▶ **Your task**: Return the records as they stand. No picture is to be included.

▶ **Stored data**:
---------------
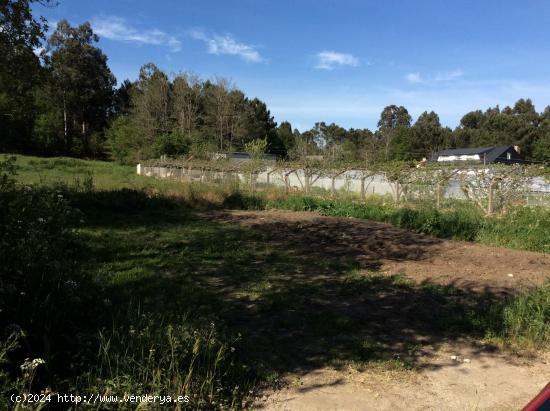 Vistamar Galicia comercializa en exclusiva parcela en A Estrada. - PONTEVEDRA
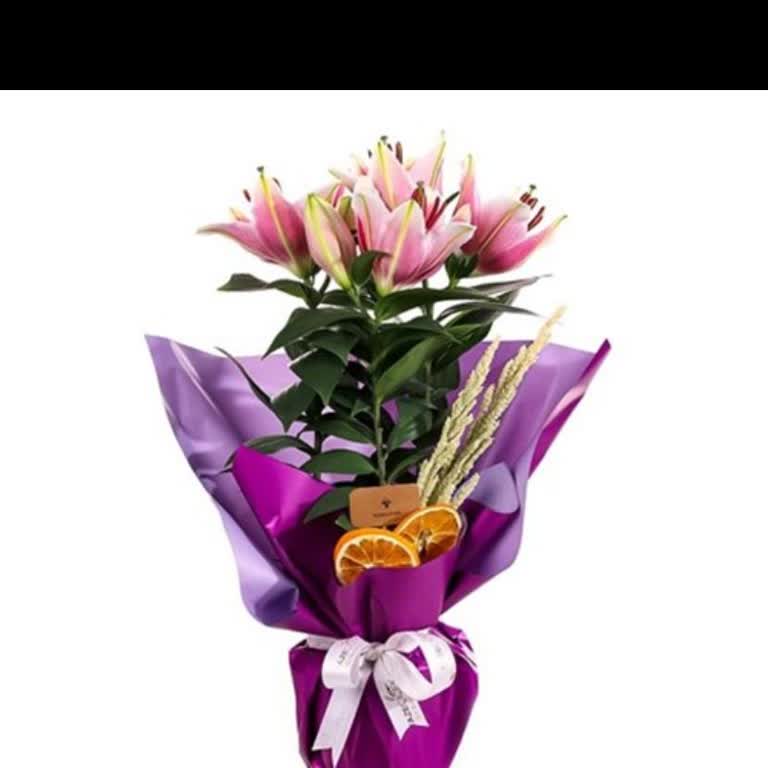 Açık Lilyum Beklerken Kapanık Tomurcuklar Gönderildi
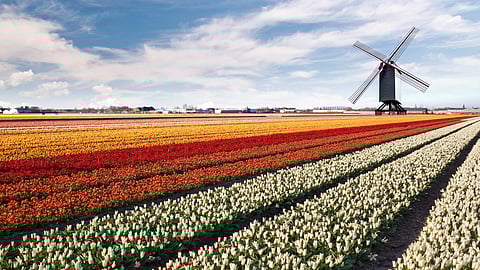 2025 adventures and why travel in 2026 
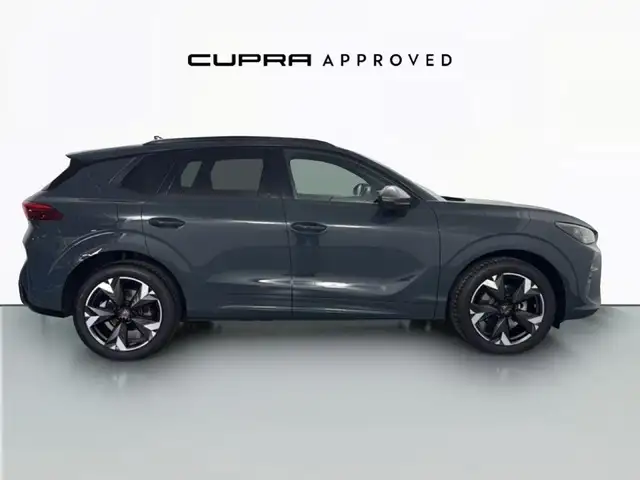CUPRA Terramar 1.5 eTSI 110 DSG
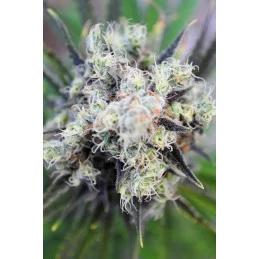 BABY BOOM AUTO - Kannabia - WWW.SEEDS-BANK.CZ JIHLAVA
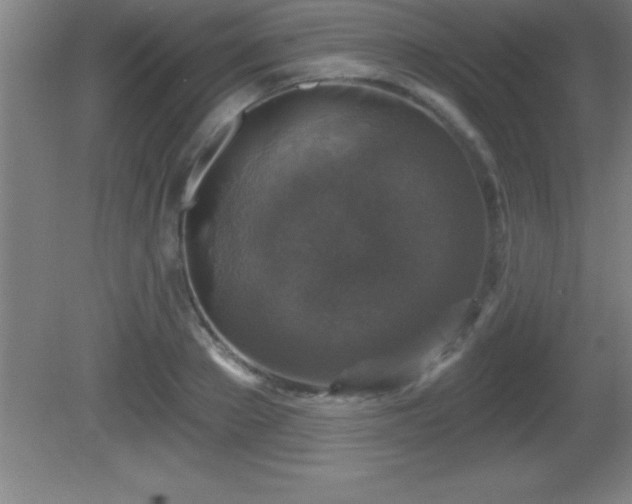 X0000081600889200701221133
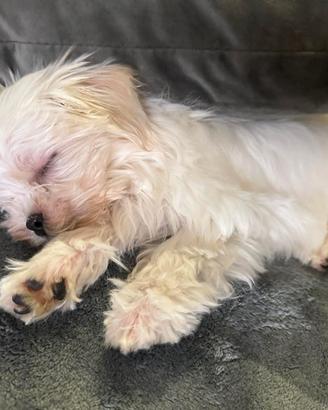 Cucciolo di maltese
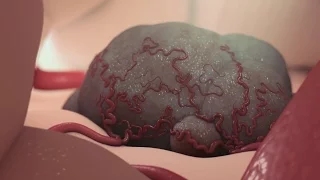 A new type of immune cell which kills most cancers has been discovered by Cardiff University scienti. 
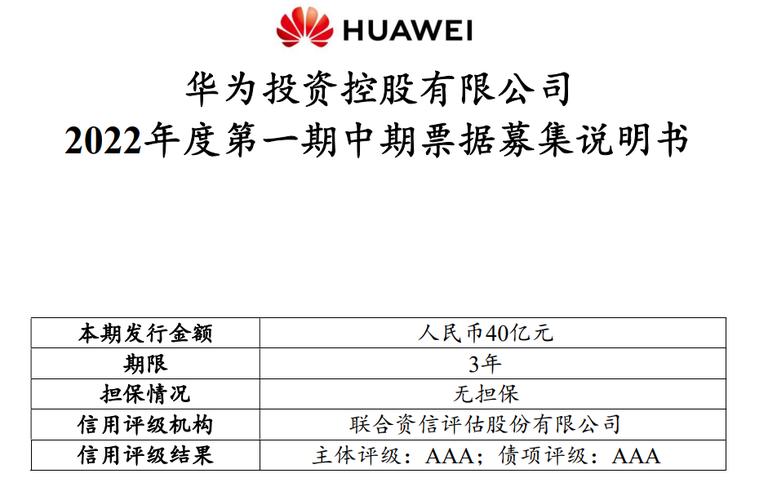 华为融资方式（华为融资方式是什么）-图3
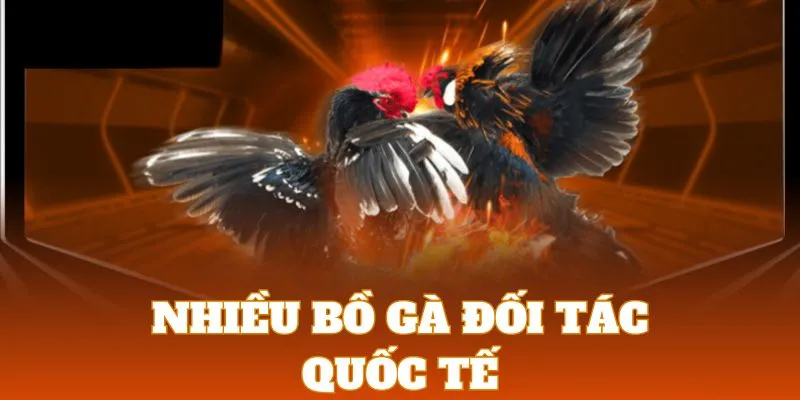 Sảnh cược liên kết với nhiều bồ gà quốc tế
---------------
▶ **Answer below**:
 Vistamar Galicia comercializa en exclusiva parcela en A Estrada. - PONTEVEDRA
 Açık Lilyum Beklerken Kapanık Tomurcuklar Gönderildi
 2025 adventures and why travel in 2026 
CUPRA Terramar 1.5 eTSI 110 DSG
 BABY BOOM AUTO - Kannabia - WWW.SEEDS-BANK.CZ JIHLAVA
 X0000081600889200701221133
 Cucciolo di maltese
 A new type of immune cell which kills most cancers has been discovered by Cardiff University scienti. 
 华为融资方式（华为融资方式是什么）-图3
 Sảnh cược liên kết với nhiều bồ gà quốc tế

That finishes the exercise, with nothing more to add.